What to work on:
Transcribe the full listing without changing a word, and omit its pictures.

Information shown:
>>>

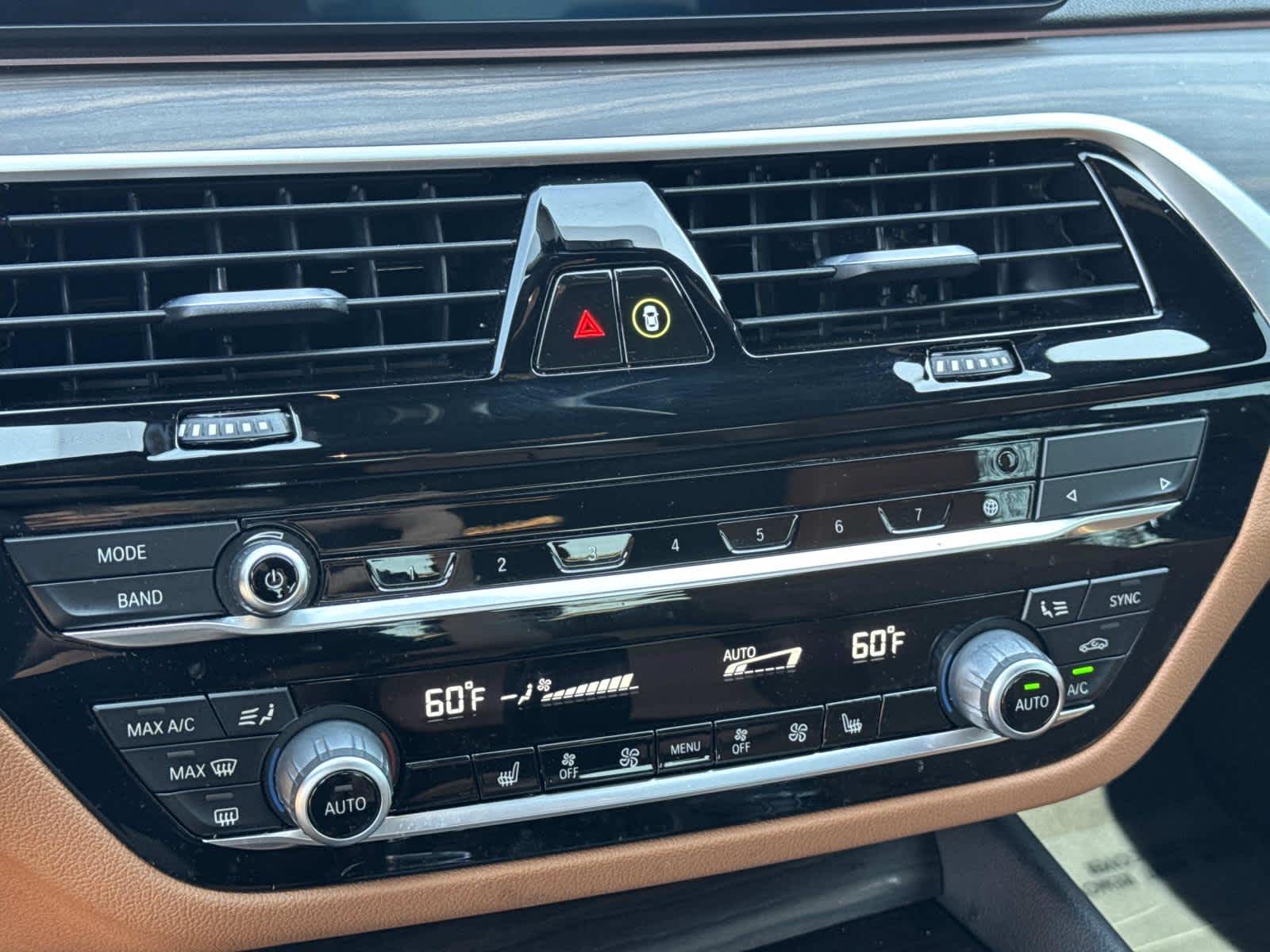 2023 BMW 5 Series 530i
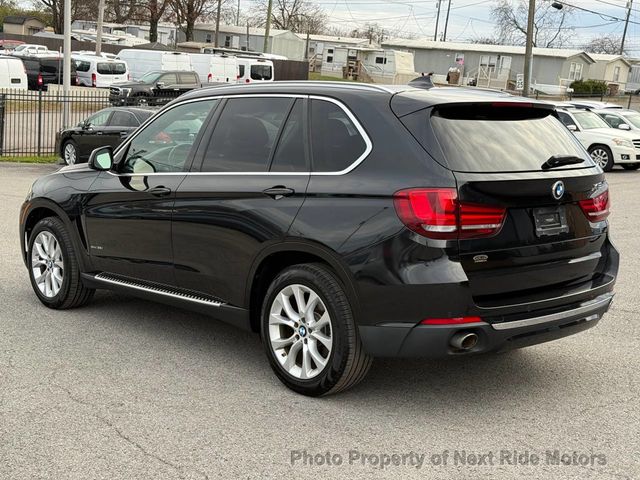 2015 BMW X5 2015 BMW X5 xDRIVE35i AWD 3.0L 4D SUV SERVICED 615-730-9991 - 22914401 - 4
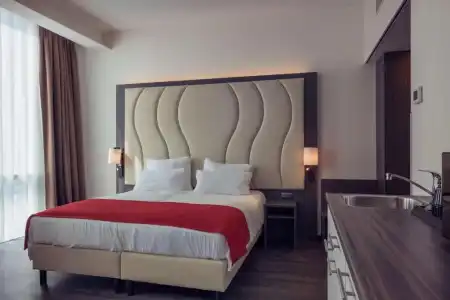 PLAZA Premium Almere - 104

<<<

Response to the task:
 2023 BMW 5 Series 530i
 2015 BMW X5 2015 BMW X5 xDRIVE35i AWD 3.0L 4D SUV SERVICED 615-730-9991 - 22914401 - 4
 PLAZA Premium Almere - 104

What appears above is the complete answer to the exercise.